The title and Hokusai’s name appear in the upper left corner of the print in Japanese script. The concept of combining image and script is typical for Far Eastern traditions. We can find more features that can be considered as typical for Japanese woodcuts: flatness, reduction of colours, graphic patterns (e.g. the light and dark stripes in the water) and black lines outlining or defining the objects. Hokusai uses these means with expressive exaggerations, which often take on caricature-like features, for example in the representation of the spray or the frightened fishermen in their boats.

 

However, since Hokusai also uses Western pictorial principles, especially the conception of space and the idea of a dramatic climax, he created his own visual language, based on his reception of Western painting.
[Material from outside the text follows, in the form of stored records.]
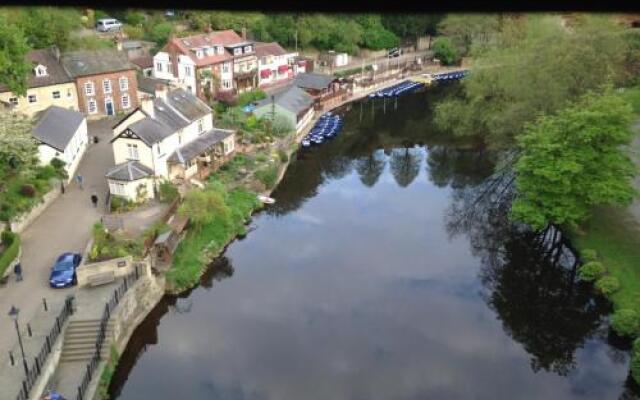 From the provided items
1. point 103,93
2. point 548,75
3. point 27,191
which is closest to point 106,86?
point 103,93

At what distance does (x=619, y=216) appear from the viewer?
113 feet

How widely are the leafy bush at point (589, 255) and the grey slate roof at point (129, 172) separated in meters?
23.5

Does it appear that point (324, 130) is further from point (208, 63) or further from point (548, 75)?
point (548, 75)

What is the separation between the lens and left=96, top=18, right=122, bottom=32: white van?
68188mm

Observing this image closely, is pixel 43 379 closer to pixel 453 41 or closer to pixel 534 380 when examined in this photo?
pixel 534 380

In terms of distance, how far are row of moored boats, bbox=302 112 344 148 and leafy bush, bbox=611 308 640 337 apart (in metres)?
29.3

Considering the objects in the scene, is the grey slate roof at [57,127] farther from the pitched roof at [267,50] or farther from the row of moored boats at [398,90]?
the row of moored boats at [398,90]

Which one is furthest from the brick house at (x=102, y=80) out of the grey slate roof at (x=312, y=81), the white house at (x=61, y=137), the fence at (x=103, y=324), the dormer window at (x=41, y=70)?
the fence at (x=103, y=324)

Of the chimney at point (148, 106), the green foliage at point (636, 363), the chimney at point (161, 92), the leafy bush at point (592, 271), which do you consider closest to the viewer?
the green foliage at point (636, 363)

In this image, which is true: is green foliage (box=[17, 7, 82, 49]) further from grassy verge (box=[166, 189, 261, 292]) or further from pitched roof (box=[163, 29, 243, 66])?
grassy verge (box=[166, 189, 261, 292])

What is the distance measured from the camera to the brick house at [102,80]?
153ft

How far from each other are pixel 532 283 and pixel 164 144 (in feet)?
71.6

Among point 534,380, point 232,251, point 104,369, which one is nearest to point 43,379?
point 104,369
This is significantly demonstrated by his treatment of spatial depth. Looking through the waves at the central motif – in this case Mount Fuji – from an observer's point of view is committed to the Western concept of perspective formulated in the Renaissance: the picture as a window to the world, which appears in perspective. In Hokusai's work, this European concept of space merges with the traditional Japanese art of colour woodblock prints, which was characterized by emphasized two-dimensionality, contrasting empty spaces, ‘abstract’ pictorial structures, and dynamic linearity. Hokusai's mediation between two culturally different pictorial conceptions ultimately led to his being more popular in the West today than in Japan itself.

 

The opening of Japan after 1853, forced by US gunboat politics – and supported by European governments – triggered trade between Japan and the world. At first, some Japanese woodblock prints were used as packaging material, which may seem surprising to lovers of this art form today. Fortunately, they were discovered and enthusiastically received by artists in France. Among those were Hokusai’s prints and his popularity grew rapidly throughout Europe and elsewhere. The collecting frenzy of Japanese art (Japonism), which was also triggered by this, influenced Post-Impressionism, Art Deco and Art Nouveau and, in particular, architecture and design such as was taught at Bauhaus. Just as Western visual language came to Japan, Asian visual concepts now influenced art in Europe.

 

Ukiyo-e

Hokusai, trained in painting and woodblock printmaking, is considered a master of the multi-coloured ukiyo-e woodblock prints. From the early black and white prints, an extremely refined multi-colour printing process with up to fifteen woodblocks was developed during his lifetime. For the production of the plates and complicated printing process there were highly specialized workshops, for which – in our case – Hokusai provided the templates. Compared to other prints, however, relatively few plates were needed for the 'Great Wave': three for the different shades of blue, one each for the colour of the boats and the sky, and black and grey. As some of the prints found today show considerable traces of wear on the plates, we can assume that hundreds or thousands of prints were printed from the same plates. The peaceful Edo period (1603 - 1867) had led to new forms of expression as well as to the mass production of woodblock prints, such as those by Hokusai.

 

 

 

[1]              At 3776 m, this volcano is Japan's highest mountain. Its shape is elegant and at the same time monumental, memorable and easy to recognize. In Shintoism it is a holy place. Moreover, as it has repeatedly been a "source of artistic inspiration", not only for Hokusai. It was recognized by UNESCO as a World Heritage Site in 2013.